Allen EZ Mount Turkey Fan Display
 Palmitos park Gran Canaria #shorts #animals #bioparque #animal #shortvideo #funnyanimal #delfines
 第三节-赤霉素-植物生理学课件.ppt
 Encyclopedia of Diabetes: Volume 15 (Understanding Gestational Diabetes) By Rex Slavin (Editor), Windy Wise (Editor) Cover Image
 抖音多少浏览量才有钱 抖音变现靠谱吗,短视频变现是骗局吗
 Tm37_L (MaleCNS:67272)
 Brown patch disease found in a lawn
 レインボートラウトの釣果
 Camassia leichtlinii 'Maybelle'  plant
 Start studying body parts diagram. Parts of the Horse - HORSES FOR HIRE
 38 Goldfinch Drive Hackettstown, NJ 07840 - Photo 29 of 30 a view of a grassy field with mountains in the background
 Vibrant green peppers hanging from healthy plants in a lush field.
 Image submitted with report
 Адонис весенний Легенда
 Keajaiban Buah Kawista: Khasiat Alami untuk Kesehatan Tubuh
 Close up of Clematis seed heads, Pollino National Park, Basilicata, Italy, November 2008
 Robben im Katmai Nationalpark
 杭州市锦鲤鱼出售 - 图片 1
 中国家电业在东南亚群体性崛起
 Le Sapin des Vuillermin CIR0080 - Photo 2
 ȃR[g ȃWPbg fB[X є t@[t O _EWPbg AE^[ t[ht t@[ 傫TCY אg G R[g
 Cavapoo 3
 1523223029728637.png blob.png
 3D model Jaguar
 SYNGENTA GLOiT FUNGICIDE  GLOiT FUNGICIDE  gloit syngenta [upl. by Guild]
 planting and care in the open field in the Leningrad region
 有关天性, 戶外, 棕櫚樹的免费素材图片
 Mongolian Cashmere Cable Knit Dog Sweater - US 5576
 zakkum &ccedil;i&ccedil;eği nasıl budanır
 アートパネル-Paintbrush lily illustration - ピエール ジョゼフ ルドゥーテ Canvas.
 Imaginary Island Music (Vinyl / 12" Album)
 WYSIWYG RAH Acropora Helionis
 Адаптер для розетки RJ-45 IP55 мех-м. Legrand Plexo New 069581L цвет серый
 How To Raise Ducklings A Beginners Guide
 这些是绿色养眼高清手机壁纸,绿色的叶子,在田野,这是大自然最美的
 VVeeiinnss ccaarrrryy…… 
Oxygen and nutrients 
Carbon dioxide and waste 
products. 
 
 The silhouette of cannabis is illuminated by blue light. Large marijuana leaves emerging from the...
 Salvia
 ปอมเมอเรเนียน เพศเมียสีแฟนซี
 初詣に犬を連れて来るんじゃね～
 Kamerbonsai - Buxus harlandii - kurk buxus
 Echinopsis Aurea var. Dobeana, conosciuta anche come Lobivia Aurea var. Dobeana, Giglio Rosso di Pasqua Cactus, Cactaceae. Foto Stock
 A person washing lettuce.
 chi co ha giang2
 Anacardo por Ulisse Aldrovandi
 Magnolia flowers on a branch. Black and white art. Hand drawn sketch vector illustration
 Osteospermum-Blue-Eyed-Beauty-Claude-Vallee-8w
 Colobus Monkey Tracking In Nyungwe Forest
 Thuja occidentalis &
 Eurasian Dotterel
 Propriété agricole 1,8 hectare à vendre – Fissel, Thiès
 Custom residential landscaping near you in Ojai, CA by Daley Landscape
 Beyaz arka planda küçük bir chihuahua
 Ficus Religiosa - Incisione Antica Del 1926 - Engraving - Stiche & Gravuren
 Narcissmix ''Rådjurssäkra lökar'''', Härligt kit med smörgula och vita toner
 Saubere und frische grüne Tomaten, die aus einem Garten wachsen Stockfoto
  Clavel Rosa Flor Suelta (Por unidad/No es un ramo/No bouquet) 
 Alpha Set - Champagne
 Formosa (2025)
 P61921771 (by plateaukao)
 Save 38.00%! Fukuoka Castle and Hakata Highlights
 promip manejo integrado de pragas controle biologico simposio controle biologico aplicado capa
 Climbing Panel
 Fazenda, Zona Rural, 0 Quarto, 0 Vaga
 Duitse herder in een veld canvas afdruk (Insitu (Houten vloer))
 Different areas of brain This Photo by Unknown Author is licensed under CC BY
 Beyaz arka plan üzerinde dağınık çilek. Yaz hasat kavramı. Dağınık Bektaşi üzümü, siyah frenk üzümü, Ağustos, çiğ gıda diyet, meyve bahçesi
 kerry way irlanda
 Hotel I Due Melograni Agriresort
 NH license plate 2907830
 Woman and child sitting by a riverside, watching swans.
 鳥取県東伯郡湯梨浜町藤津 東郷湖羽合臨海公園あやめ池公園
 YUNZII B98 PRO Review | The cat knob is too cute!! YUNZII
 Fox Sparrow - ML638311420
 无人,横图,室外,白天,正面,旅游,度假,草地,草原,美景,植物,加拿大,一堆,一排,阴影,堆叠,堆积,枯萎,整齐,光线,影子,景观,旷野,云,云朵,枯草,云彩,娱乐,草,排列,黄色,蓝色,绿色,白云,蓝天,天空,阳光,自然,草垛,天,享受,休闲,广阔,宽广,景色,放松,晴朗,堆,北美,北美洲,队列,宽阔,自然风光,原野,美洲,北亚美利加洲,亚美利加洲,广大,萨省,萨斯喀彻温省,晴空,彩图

Work required> Output the data exactly, in full.

Result of this task>
Allen EZ Mount Turkey Fan Display
 Palmitos park Gran Canaria #shorts #animals #bioparque #animal #shortvideo #funnyanimal #delfines
 第三节-赤霉素-植物生理学课件.ppt
 Encyclopedia of Diabetes: Volume 15 (Understanding Gestational Diabetes) By Rex Slavin (Editor), Windy Wise (Editor) Cover Image
 抖音多少浏览量才有钱 抖音变现靠谱吗,短视频变现是骗局吗
 Tm37_L (MaleCNS:67272)
 Brown patch disease found in a lawn
 レインボートラウトの釣果
 Camassia leichtlinii 'Maybelle'  plant
 Start studying body parts diagram. Parts of the Horse - HORSES FOR HIRE
 38 Goldfinch Drive Hackettstown, NJ 07840 - Photo 29 of 30 a view of a grassy field with mountains in the background
 Vibrant green peppers hanging from healthy plants in a lush field.
 Image submitted with report
 Адонис весенний Легенда
 Keajaiban Buah Kawista: Khasiat Alami untuk Kesehatan Tubuh
 Close up of Clematis seed heads, Pollino National Park, Basilicata, Italy, November 2008
 Robben im Katmai Nationalpark
 杭州市锦鲤鱼出售 - 图片 1
 中国家电业在东南亚群体性崛起
 Le Sapin des Vuillermin CIR0080 - Photo 2
 ȃR[g ȃWPbg fB[X є t@[t O _EWPbg AE^[ t[ht t@[ 傫TCY אg G R[g
 Cavapoo 3
 1523223029728637.png blob.png
 3D model Jaguar
 SYNGENTA GLOiT FUNGICIDE  GLOiT FUNGICIDE  gloit syngenta [upl. by Guild]
 planting and care in the open field in the Leningrad region
 有关天性, 戶外, 棕櫚樹的免费素材图片
 Mongolian Cashmere Cable Knit Dog Sweater - US 5576
 zakkum &ccedil;i&ccedil;eği nasıl budanır
 アートパネル-Paintbrush lily illustration - ピエール ジョゼフ ルドゥーテ Canvas.
 Imaginary Island Music (Vinyl / 12" Album)
 WYSIWYG RAH Acropora Helionis
 Адаптер для розетки RJ-45 IP55 мех-м. Legrand Plexo New 069581L цвет серый
 How To Raise Ducklings A Beginners Guide
 这些是绿色养眼高清手机壁纸,绿色的叶子,在田野,这是大自然最美的
 VVeeiinnss ccaarrrryy…… 
Oxygen and nutrients 
Carbon dioxide and waste 
products. 
 
 The silhouette of cannabis is illuminated by blue light. Large marijuana leaves emerging from the...
 Salvia
 ปอมเมอเรเนียน เพศเมียสีแฟนซี
 初詣に犬を連れて来るんじゃね～
 Kamerbonsai - Buxus harlandii - kurk buxus
 Echinopsis Aurea var. Dobeana, conosciuta anche come Lobivia Aurea var. Dobeana, Giglio Rosso di Pasqua Cactus, Cactaceae. Foto Stock
 A person washing lettuce.
 chi co ha giang2
 Anacardo por Ulisse Aldrovandi
 Magnolia flowers on a branch. Black and white art. Hand drawn sketch vector illustration
 Osteospermum-Blue-Eyed-Beauty-Claude-Vallee-8w
 Colobus Monkey Tracking In Nyungwe Forest
 Thuja occidentalis &
 Eurasian Dotterel
 Propriété agricole 1,8 hectare à vendre – Fissel, Thiès
 Custom residential landscaping near you in Ojai, CA by Daley Landscape
 Beyaz arka planda küçük bir chihuahua
 Ficus Religiosa - Incisione Antica Del 1926 - Engraving - Stiche & Gravuren
 Narcissmix ''Rådjurssäkra lökar'''', Härligt kit med smörgula och vita toner
 Saubere und frische grüne Tomaten, die aus einem Garten wachsen Stockfoto
  Clavel Rosa Flor Suelta (Por unidad/No es un ramo/No bouquet) 
 Alpha Set - Champagne
 Formosa (2025)
 P61921771 (by plateaukao)
 Save 38.00%! Fukuoka Castle and Hakata Highlights
 promip manejo integrado de pragas controle biologico simposio controle biologico aplicado capa
 Climbing Panel
 Fazenda, Zona Rural, 0 Quarto, 0 Vaga
 Duitse herder in een veld canvas afdruk (Insitu (Houten vloer))
 Different areas of brain This Photo by Unknown Author is licensed under CC BY
 Beyaz arka plan üzerinde dağınık çilek. Yaz hasat kavramı. Dağınık Bektaşi üzümü, siyah frenk üzümü, Ağustos, çiğ gıda diyet, meyve bahçesi
 kerry way irlanda
 Hotel I Due Melograni Agriresort
 NH license plate 2907830
 Woman and child sitting by a riverside, watching swans.
 鳥取県東伯郡湯梨浜町藤津 東郷湖羽合臨海公園あやめ池公園
 YUNZII B98 PRO Review | The cat knob is too cute!! YUNZII
 Fox Sparrow - ML638311420
 无人,横图,室外,白天,正面,旅游,度假,草地,草原,美景,植物,加拿大,一堆,一排,阴影,堆叠,堆积,枯萎,整齐,光线,影子,景观,旷野,云,云朵,枯草,云彩,娱乐,草,排列,黄色,蓝色,绿色,白云,蓝天,天空,阳光,自然,草垛,天,享受,休闲,广阔,宽广,景色,放松,晴朗,堆,北美,北美洲,队列,宽阔,自然风光,原野,美洲,北亚美利加洲,亚美利加洲,广大,萨省,萨斯喀彻温省,晴空,彩图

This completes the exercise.